Trošarina (Трошарина) is an urban neighborhood of Belgrade, the capital of Serbia. It is located in the municipality of Voždovac.

== Location ==

Trošarina is located around the crossroads of the Boulevard of Liberation, Kružni put and Crnotravska streets.

== History ==
In 1821, the state government decided to put the food trade in order and to establish the quantity and quality of the goods imported to the city. Part of the project was introduction of the excise on the goods (in Serbian called trošarina) and setting of a series of excise check points on the roads leading to the city. One of those check points, which all gradually also became known as trošarina, was on the Avala Road. As the neighborhood later expanded around it, it was named after it.

In 1930, the first road in Serbia paved with asphalt was built from Trošarina to the Avala mountain, as the new Avala road. It was also the first traffic route in the state marked with the horizontal road surface markings and the regular traffic signs. The road was used for the Interbellum rallies, which continued after World War II. Record holder, for over 20 years, was Dowager Queen Maria, an avid driver, in her Rolls-Royce. She stopped driving on her own after her husband, King Alexander was assassinated in the car, in 1934 in Marseille. Her record was broken only in the 1950s by Milivoje Božić in a Porsche.

== Characteristics ==

It is a mixed, residential-industrial area. It has several constructing facilities (Tunelogradnja, Larabo, etc.), a gas station and it is a starting station for several intercity bus lines (401, 402, 403, 404, 405, 407, 503) which connect Belgrade and the suburban settlements in the municipalities of Voždovac and Barajevo.

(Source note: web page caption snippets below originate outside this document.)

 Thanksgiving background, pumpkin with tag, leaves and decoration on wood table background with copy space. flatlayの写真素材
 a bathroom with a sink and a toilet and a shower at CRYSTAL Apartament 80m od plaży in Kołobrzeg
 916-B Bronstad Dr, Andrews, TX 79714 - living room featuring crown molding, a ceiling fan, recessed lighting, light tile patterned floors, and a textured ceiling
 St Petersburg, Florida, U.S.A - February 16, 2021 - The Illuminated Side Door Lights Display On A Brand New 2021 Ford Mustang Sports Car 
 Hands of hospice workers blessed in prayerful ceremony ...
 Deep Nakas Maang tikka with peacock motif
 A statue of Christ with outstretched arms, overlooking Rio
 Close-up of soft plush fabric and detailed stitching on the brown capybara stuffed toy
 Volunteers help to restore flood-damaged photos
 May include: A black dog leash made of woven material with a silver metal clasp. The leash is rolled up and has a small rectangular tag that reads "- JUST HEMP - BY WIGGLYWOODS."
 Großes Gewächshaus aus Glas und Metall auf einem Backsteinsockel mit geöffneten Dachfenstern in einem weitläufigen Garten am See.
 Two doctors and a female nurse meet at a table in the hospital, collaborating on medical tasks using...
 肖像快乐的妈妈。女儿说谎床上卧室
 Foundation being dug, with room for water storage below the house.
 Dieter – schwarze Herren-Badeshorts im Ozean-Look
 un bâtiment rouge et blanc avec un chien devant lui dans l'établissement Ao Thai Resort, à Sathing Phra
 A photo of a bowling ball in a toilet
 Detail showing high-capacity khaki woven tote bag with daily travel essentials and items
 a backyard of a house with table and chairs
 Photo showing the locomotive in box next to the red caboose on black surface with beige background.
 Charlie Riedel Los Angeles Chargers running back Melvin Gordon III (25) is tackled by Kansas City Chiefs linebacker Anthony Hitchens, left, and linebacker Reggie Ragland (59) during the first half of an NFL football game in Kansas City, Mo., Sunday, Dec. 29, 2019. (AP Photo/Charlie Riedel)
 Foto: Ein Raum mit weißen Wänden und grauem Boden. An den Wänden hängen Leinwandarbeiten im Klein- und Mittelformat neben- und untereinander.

Central street in the neighborhood, Save Maškovića, though short and narrow, is important for city traffic. It connects two major thoroughfares in this part of the city, Vojvode Stepe and Bulevar Oslobođenja, and the parts of Belgrade sprawling further. The street was known for traffic congestion for decades. As it was envisioned as part of the future inner city beltway, the widening of the street began in December 2020, doubling the street from two to four lanes.